Un walkman a cassette mentre fuori scorrono le montagne del Friuli, la mia regione che da piccolo sembrava enorme, il nastro che gira e gira, le poche canzoni che amplificano le prime sensibilità dell’adolescenza, la malinconia di fine ottobre in una terra di confine. Aumenta la velocità, il mondo gira ancora più forte, le sensazioni dilatate, un cd che vortica dentro un corpo di plastica, mentre passeggio la notte per Venezia. Le calli deserte, la decadenza della grande regina dei mari, arrestata per un attimo dalle ombre delle ore piccole, i suoni che corrono su un filo di gomma nero e di un cuore in cerca di un cammino, si espandono in onde che attraversano i canali e i ponti, riempiendo la notte di visioni.
La tromba di Miles Davis che mi porta in un quartiere di New York in una torrida estate degli anni ’50, i riverberi dei Pink Floyd che mi seducono su un divano fumoso, in un locale di Londra durante la rivoluzione psichedelica, i bassi e le voci gutturali di un rapper francese e maghrebino mi porta via dalla Senna, verso qualche periferia, tra i profumi di cardamomo e coriandolo di appartamenti sradicati. Ogni suono un percorso, ogni musica un viaggio.
In ogni partenza mi porto dietro zaini e valige, libri e speranze ma anche i suoni che mi arrivano come preziosi doni, inaspettati, armonie che come degli amici entrano in risonanza con i miei stati d’animo e i miei desideri. Dalle cassette, ai cd, dai primi file alle case discografiche on line, a cui attingo, sperando di contribuire alla diffusione di buona musica. Non si vive di solo pane ma anche di buoni suoni.
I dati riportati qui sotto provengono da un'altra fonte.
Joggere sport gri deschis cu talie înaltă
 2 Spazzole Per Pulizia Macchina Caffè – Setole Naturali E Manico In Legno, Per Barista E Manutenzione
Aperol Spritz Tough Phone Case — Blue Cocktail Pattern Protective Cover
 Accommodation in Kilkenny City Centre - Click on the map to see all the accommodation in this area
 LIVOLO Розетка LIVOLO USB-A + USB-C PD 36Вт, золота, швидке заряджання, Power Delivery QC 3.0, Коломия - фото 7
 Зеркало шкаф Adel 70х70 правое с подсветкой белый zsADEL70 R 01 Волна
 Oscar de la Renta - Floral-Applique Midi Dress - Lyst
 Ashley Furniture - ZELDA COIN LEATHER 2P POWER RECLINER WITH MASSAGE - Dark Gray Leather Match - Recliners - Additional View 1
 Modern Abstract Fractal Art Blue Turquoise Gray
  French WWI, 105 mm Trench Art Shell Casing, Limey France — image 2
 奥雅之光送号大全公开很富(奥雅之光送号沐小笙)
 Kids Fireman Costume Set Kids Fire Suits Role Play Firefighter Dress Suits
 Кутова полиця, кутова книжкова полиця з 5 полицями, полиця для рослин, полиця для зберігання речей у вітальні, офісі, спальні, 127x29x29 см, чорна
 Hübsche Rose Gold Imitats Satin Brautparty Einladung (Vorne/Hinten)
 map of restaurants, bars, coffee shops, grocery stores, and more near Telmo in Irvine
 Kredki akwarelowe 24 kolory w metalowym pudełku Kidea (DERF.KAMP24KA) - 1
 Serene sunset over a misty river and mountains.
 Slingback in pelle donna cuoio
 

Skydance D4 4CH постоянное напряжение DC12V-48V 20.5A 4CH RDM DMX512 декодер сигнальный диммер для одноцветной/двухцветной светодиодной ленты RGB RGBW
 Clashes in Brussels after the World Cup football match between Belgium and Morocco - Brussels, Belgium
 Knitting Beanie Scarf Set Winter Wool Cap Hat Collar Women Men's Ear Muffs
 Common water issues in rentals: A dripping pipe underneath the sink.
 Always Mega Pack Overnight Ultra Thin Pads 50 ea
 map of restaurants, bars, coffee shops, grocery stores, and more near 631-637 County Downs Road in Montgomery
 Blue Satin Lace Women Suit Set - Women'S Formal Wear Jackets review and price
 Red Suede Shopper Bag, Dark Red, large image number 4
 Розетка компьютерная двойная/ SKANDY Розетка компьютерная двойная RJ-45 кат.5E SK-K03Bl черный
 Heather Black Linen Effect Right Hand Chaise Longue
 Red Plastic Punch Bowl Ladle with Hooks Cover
E oggi, qui davanti ad uno schermo, autori che non conosco, elettroniche melodie d’Oriente e Occidente, che viaggiano nei bit, nelle onde dell’etere, si imprimono nella mia stanza e muovono le mie dita. Tanta strada è stata fatta dalle calli di Venezia, gli orizzonti si sono aperti oltre le bocche di porto della laguna, verso altri mari ed isole. Molta musica è scorsa, contaminata dalle persone che ho incontrato ma anche dai suoni delle foreste, dei templi, degli Oceani e dei sogni, riverberi che mi prendono per mano e chiudendo gli occhi mi portano verso l’infinito che ancora mi attende.